11/06/2018

LE QUARTIER DE CHAMPEL SE VIDE-T-IL DE SA SUBSTANCE BANCAIRE

OUI DISCRETEMENT LA SUCCURSALE DU CREDIT SUISSE A ENLEVE SON ENSEIGNE.


Qu’est-ce qui fait donc la différence pour maintenir ou non une succursale de proximité dans un bon quartier?

Des frais de loyer trop élevés, du personnel qualifié difficile à trouver et trop rémunéré ?

Alors pourquoi en plein centre Bordier, Pictet, Lombard, Vontobel, Julius Baer ou autres institutions réussissent et pas la succursale du Crédit Suisse ? Il y avait plus de 30 personnes dans cette succursale il y a 30 ans.

Ne cherchez pas à mon avis c’est la direction de la banque qui ne s’intéresse pas au quartier à son développement même si la poste prend une part de marché du quartier.

Il y a 40 ans lorsque l’UBS ouvrait une succursale à un endroit, peu de temps après SBS OU BPS OU UNE AUTRE SUCCURSALE S’OUVRAIT DE L’AUTRE CÔTE DE LA RUE.

Aujourd’hui l’informatique est performante, c’est évident. Aujourd’hui on obtient partout des informations économiques, on rencontre des spécialistes et lorsque l’on gère un petit dépôt il est facile de le faire par Internet à moindre frais.

On dit qu’en Inde on crée actuellement un million d’emplois dans ce secteur par mois.

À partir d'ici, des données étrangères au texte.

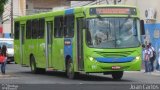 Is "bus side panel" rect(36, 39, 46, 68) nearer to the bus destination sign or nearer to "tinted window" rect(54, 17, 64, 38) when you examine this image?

Alors Champel ne se développe-t-il plus à Genève posons-nous les bonnes questions. Peut-être comme partout trop de fonctionnaires santé ou autres activités du genre malgré un nombre impressionnant de médecins privés d’avocats privés de gérants de portefeuilles indépendants et d’autres entreprises performantes comme MSC qui ont besoin de banques.

En passant je rappelle que la Genevoise est devenue Zurichoise et que Zurich assurance a aussi transféré une grande partie de son personnel à Lausanne.

Après les commerçants de Champel bloqués par le CEVA faut-il booster Champel avec les entreprises performantes en informatique ou autres sociétés de services en croissance.

Jean Zahno

0788227738   

09:01 Publié dans CHAMPEL | Lien permanent | Commentaires (0)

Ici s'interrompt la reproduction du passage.